Tiaind qu’ le pére s’ât piondgie dains le bulletïn d’ sai baichatte de saze ans, èl ât v’ni enraidgi, è s’ât yevè, èl é breûyè : « Fos l’ camp, d’vaint qu’i n’ te foteuche ènne trifouillèe. Te crais qu’ ç’ât d’aivô dïnche des notes que te veus décreutchi tai maituritè ? Voili ç’ que ç’ât d’ faire lai dôbe â yûe de te pyondgie dains tes étyudes. » Lai baichatte yi é ryié â moère èt èlle ât montèe dains sai tchaimbre. Le lend’main maitïn, èlle n’ât p’ déchendue po dédjunaie. Lai mére é trovè lai tchaimbre bïn randgie. Àtiune traice de lai baichatte. Ch’ lai tâle de neût, ènne lattre aidrassie és poirents. « I aî tyitie lai mâjon po allaie vivre d’aivô ïn hanne. I l’aî coégnu en lai féte de Coérdgenay. Nôs ains dainsie tot l’ soi. È m’é r’condut en l’hôtâ chu sai moto. Nôs s’ainmans. Èl ât mairiè d’aivô des aifaints. » Lai mére é déchendu les égrais c’ment ènne dôbe. « Yés voûere çoli ! » qu’èlle dit en son hanne. « Ç’ât de tai fâte, âchi. C’ment que te l’és endyeulè hyie â soi. » Le pére prend le paipie, le r’touène èt s’bote è rire : « T’és vu ç’ qu’è yi graiy’nè drie ? » È yét : « Ne vôs en faites pe. I fais ïn touè en véyo. È y é pus grave que des croûyes notes en l’écôle. » ---- Ecouter la chronique lue par Bernard Chapuis

Livret scolaire

Quand le père a pris connaissance du livret scolaire de sa fille de seize ans, il a piqué une rage, il s’est levé, il a hurlé : « Fous le camp, avant que je ne te flanque une raclée. Tu crois que c’est avec de telles notes que tu vas décrocher ta maturité ? Voilà ce que c’est de faire la folle au lieu de te plonger dans tes études. » La fille lui a ri au nez et elle est montée dans sa chambre. Le lendemain matin, elle n’est pas descendue pour déjeuner. La mère a trouvé la chambre bien rangée. Aucune trace de la fille. Sur la table de nuit, une lettre adressée aux parents. « J’ai quitté la maison pour aller vivre avec un homme. Je l’ai connu à la fête de Courgenay.

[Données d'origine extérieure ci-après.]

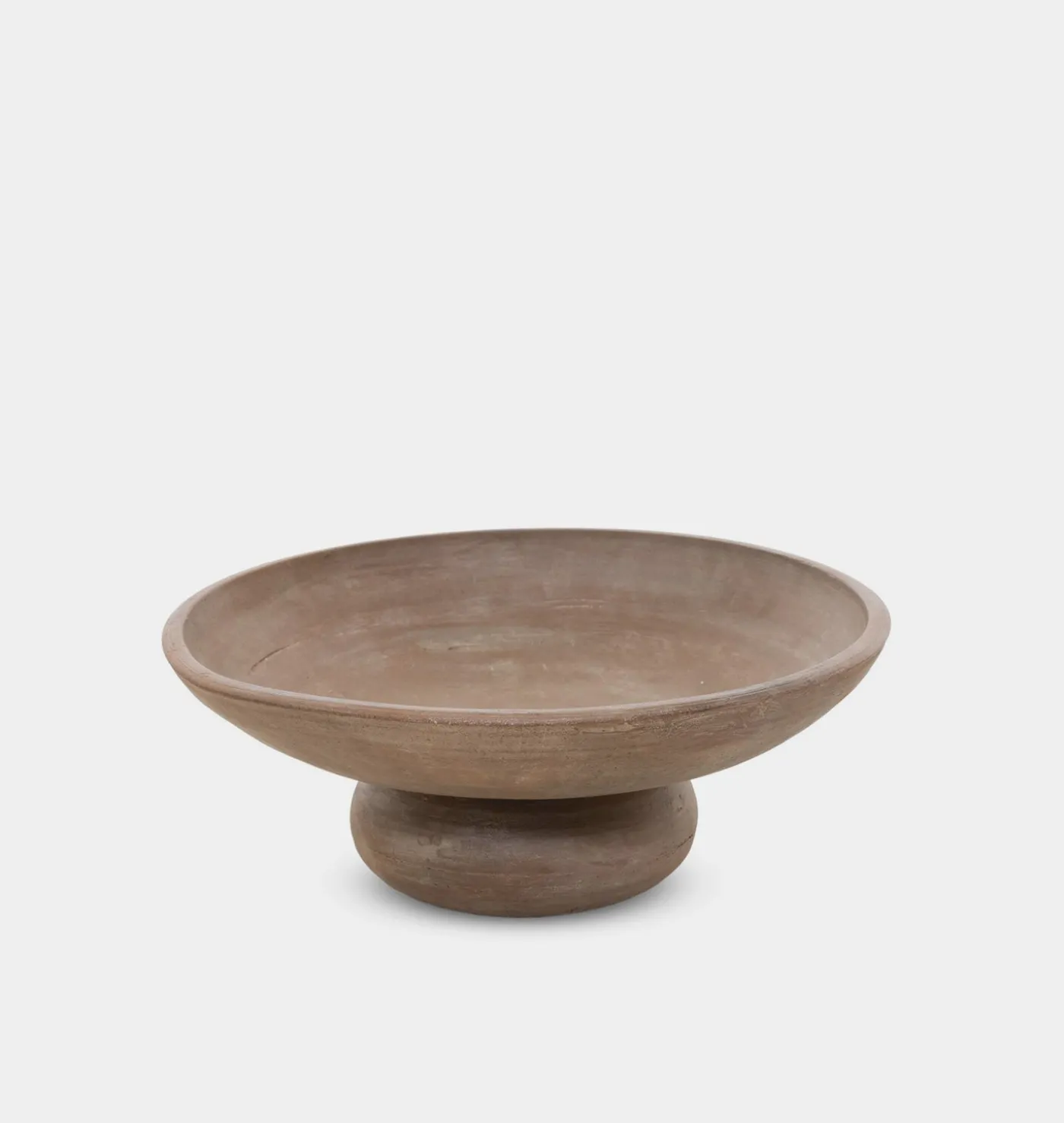Perla Bowl S/2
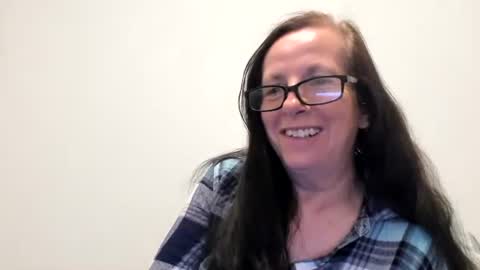 Snapshot of verysassypeachgoddess chatting on 03.30.26 verysassypeachgoddess online show from 03.30.26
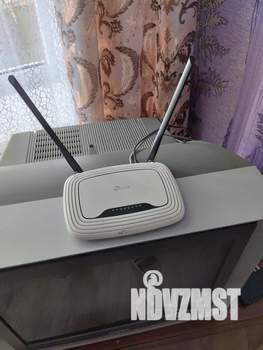 2-к квартира, посуточно, 45м2, 2/5 этаж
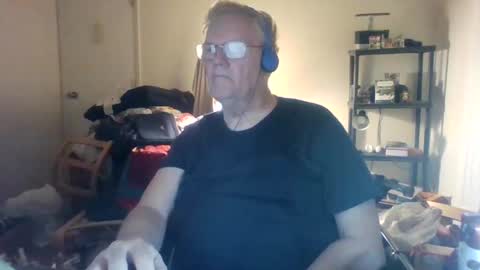 dangerslut7 online show from October 2025 11:09:02 AM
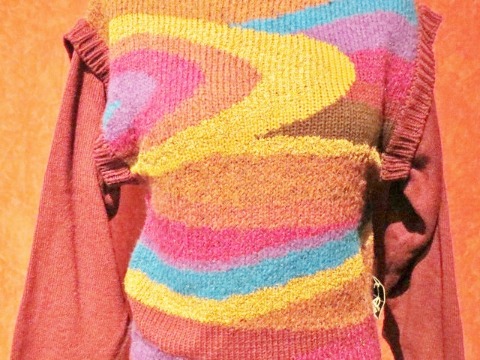 a0159652_20365593.jpg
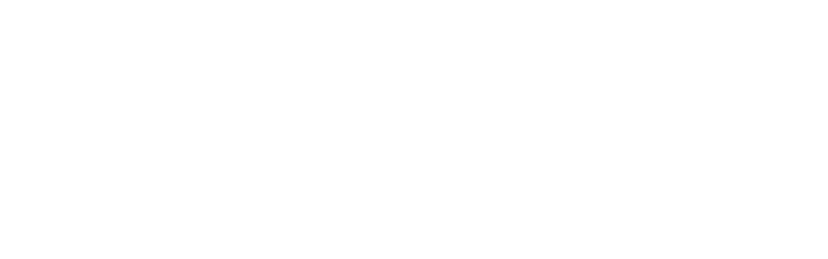Grupo Neutrón - Ecosistema Digital, Facturación DIAN & Pasarelas de Pago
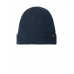 The North Face® Circular Rib Beanie The North Face® Circular Rib Beanie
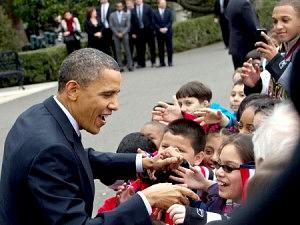 obama1-300x225.jpg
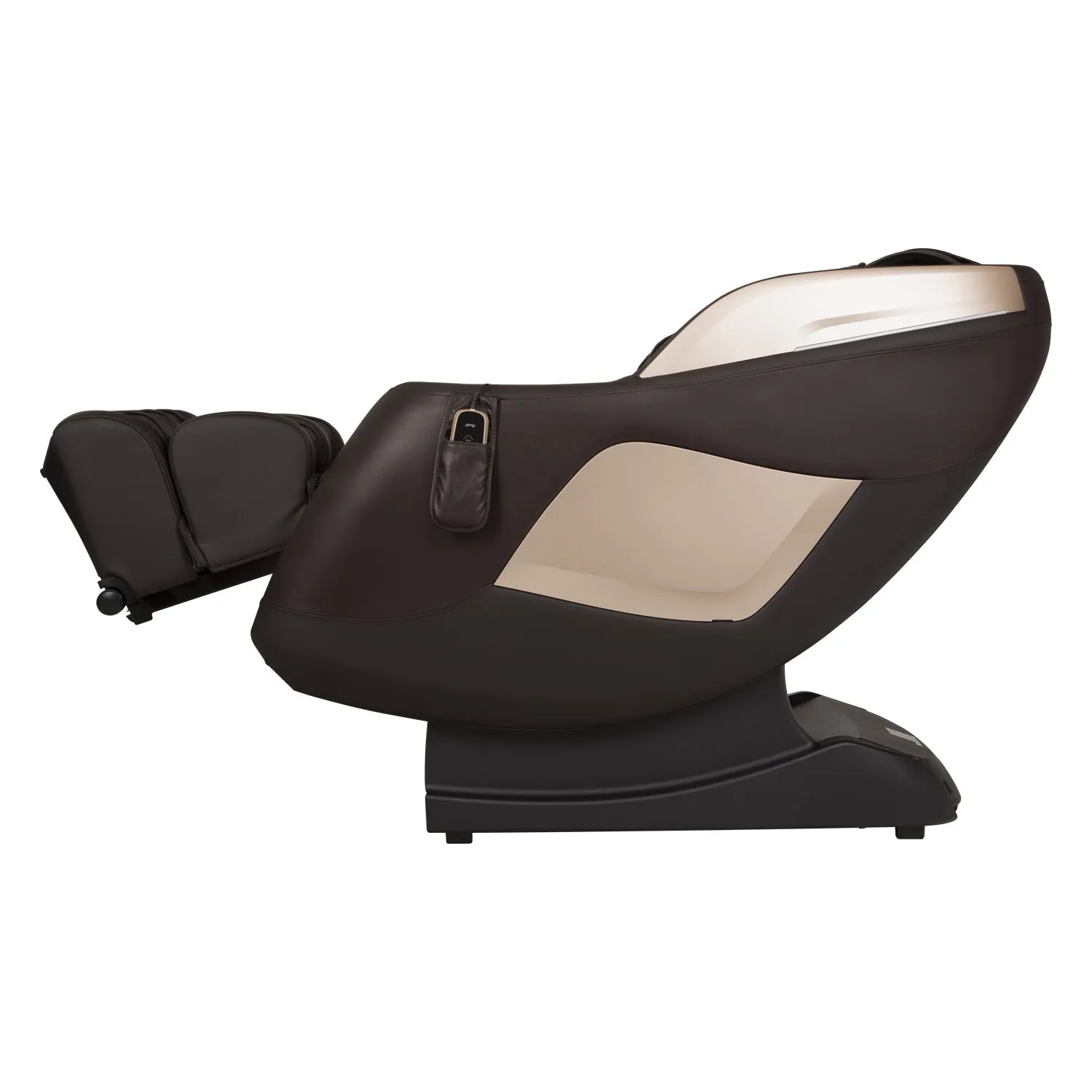 Osaki OS-Pro 3D Sigma Massage Chair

Nous avons dansé toute la soirée. Il m’a reconduite sur sa moto. Nous nous aimons. Il est marié avec des enfants. » La mère a dévalé les escaliers comme une hallucinée. « Lis donc ceci ! » dit-elle à son mari. « C’est de ta faute, aussi. Après la scène que tu lui as faite hier soir. » Le père prend le papier, le retourne et se met à rire : « Tu as vu ce qu’elle a écrit au verso ? » Il lit : « Ne vous faites aucun souci. Je fais un tour à vélo. Il y a plus grave que des mauvais résultats scolaires. »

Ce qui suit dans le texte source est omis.